TASK DATA ▸
::::

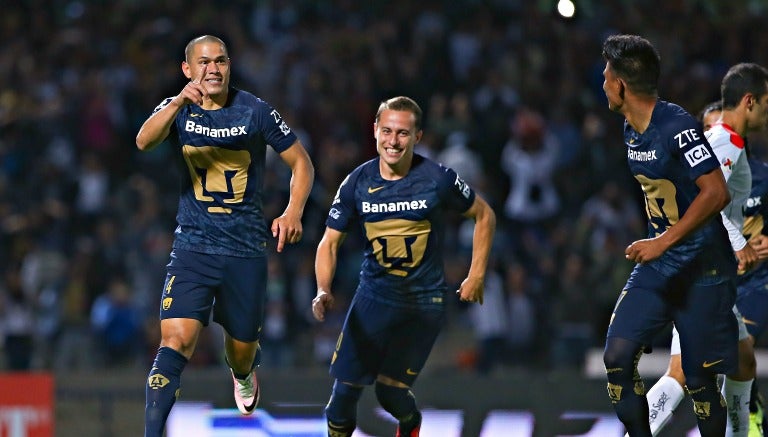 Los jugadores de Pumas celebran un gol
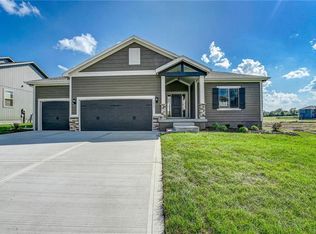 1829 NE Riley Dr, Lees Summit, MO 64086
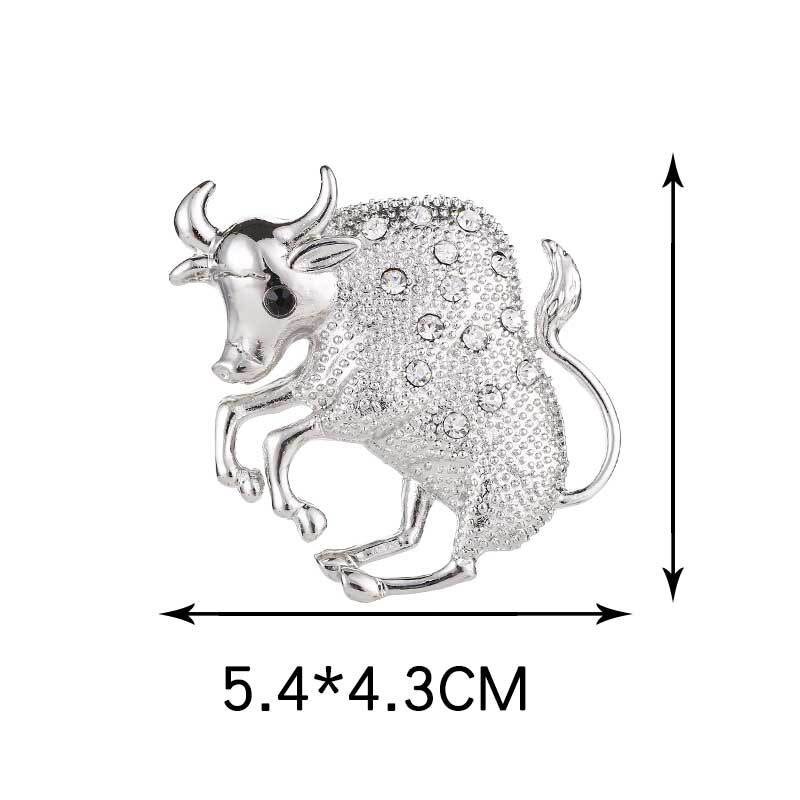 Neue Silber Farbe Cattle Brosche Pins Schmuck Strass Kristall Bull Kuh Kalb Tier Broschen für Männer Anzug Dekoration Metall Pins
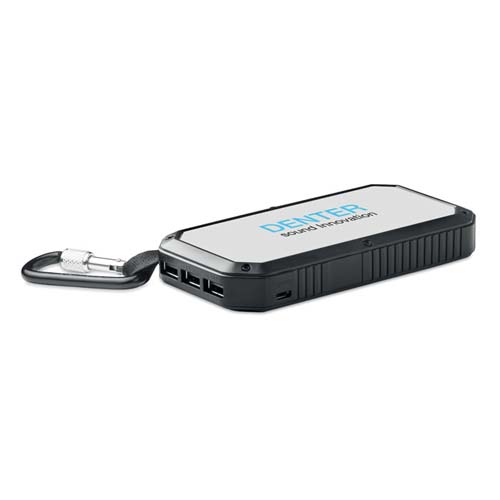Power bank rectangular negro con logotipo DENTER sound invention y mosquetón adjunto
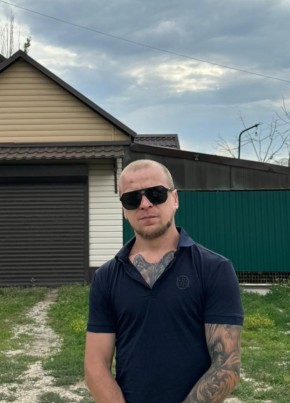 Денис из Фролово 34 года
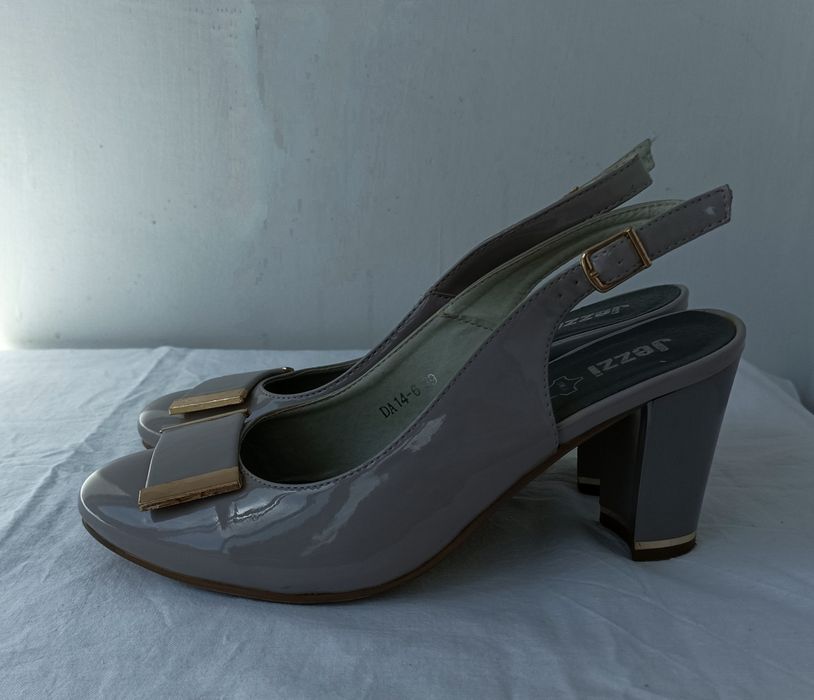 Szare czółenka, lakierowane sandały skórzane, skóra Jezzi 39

::::

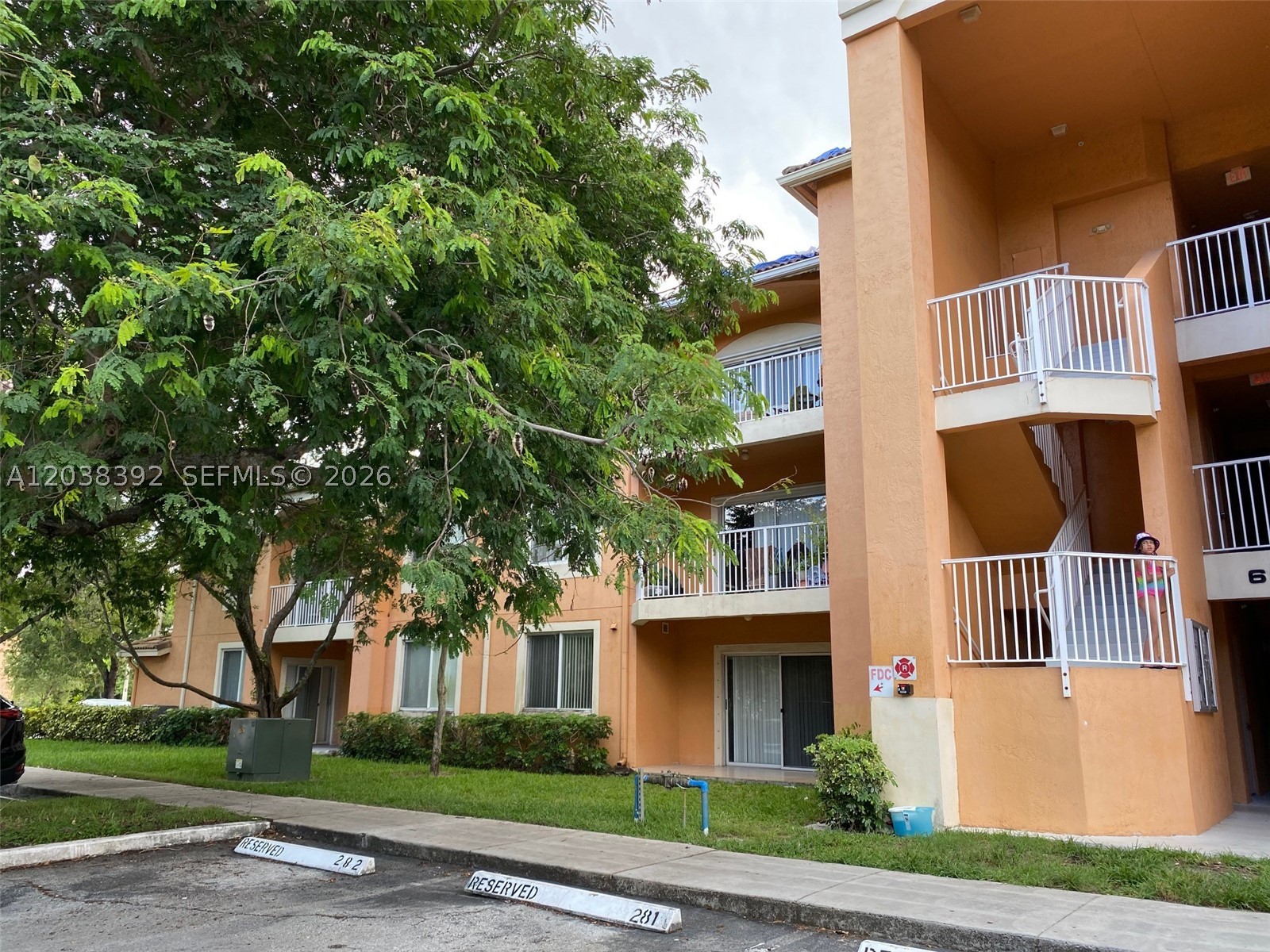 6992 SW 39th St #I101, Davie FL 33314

::::

PROBLEM DESCRIPTION ▸
Range to copy from the listing above: the line with "Денис из Фролово 34 года" through the line with "Szare czółenka, lakierowane". Transcribe it exactly and skip the pictures.

ANSWER TO THE PROBLEM ▸
 Денис из Фролово 34 года
 Szare czółenka, lakierowane sandały skórzane, skóra Jezzi 39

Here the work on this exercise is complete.